- To do
Look below for the line that contains "Chic Soul plus" and the line that contains "Bride in Bead", then restate both of them and every line in between, exactly. No picture goes in the copy.

- Provided entries
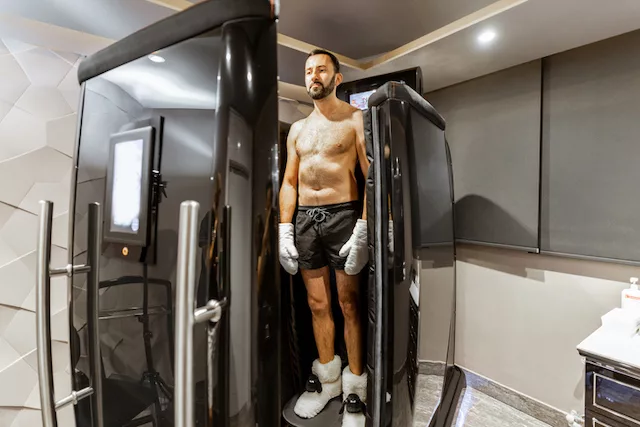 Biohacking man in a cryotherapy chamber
==
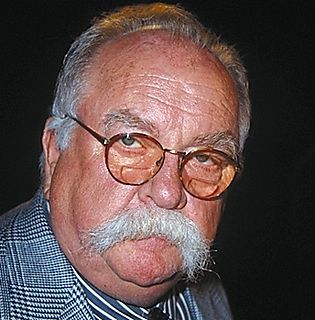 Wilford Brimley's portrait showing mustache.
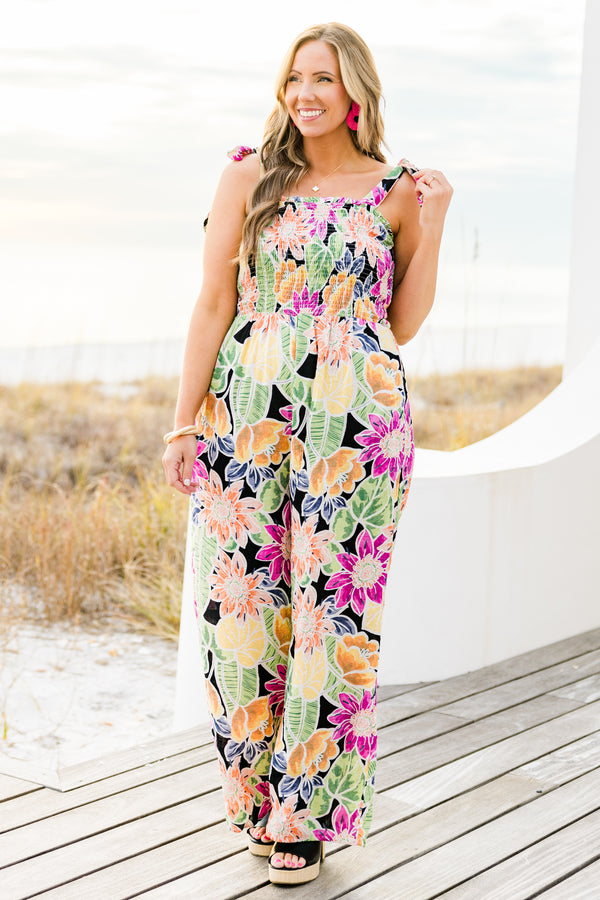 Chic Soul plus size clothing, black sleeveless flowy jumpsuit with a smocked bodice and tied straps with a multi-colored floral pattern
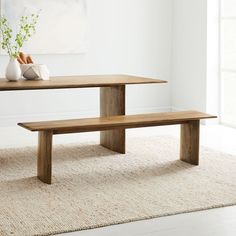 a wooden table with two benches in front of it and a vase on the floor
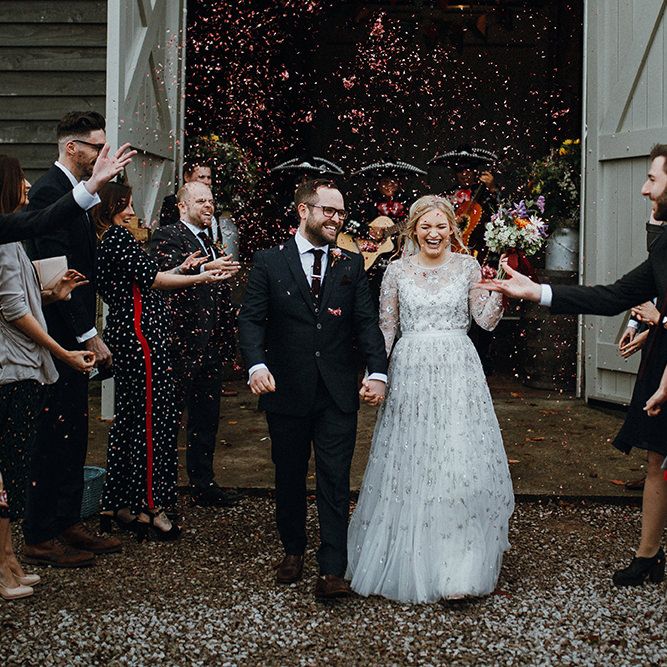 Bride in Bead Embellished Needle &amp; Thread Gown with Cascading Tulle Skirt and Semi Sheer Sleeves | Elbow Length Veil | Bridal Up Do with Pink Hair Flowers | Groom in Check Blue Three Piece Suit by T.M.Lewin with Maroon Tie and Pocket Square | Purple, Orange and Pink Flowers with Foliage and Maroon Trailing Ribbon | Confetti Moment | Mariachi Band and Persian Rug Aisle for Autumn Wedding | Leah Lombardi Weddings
--
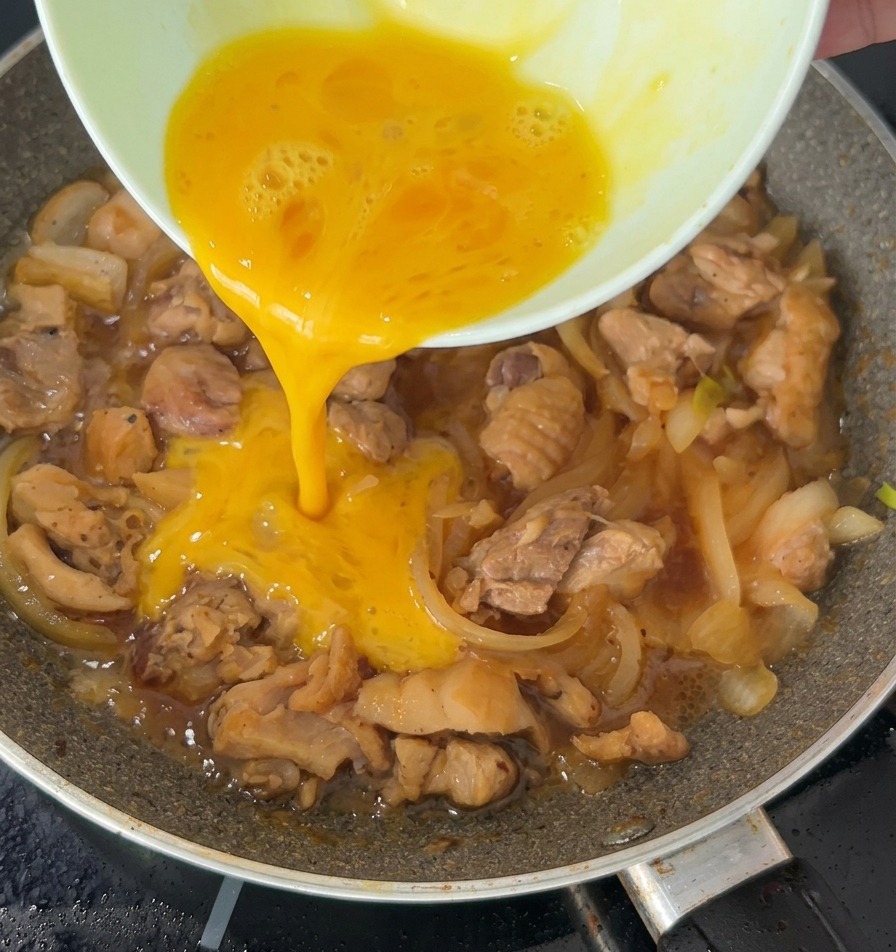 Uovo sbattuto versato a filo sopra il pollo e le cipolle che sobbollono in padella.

- Written response
 Chic Soul plus size clothing, black sleeveless flowy jumpsuit with a smocked bodice and tied straps with a multi-colored floral pattern
 a wooden table with two benches in front of it and a vase on the floor
 Bride in Bead Embellished Needle &amp; Thread Gown with Cascading Tulle Skirt and Semi Sheer Sleeves | Elbow Length Veil | Bridal Up Do with Pink Hair Flowers | Groom in Check Blue Three Piece Suit by T.M.Lewin with Maroon Tie and Pocket Square | Purple, Orange and Pink Flowers with Foliage and Maroon Trailing Ribbon | Confetti Moment | Mariachi Band and Persian Rug Aisle for Autumn Wedding | Leah Lombardi Weddings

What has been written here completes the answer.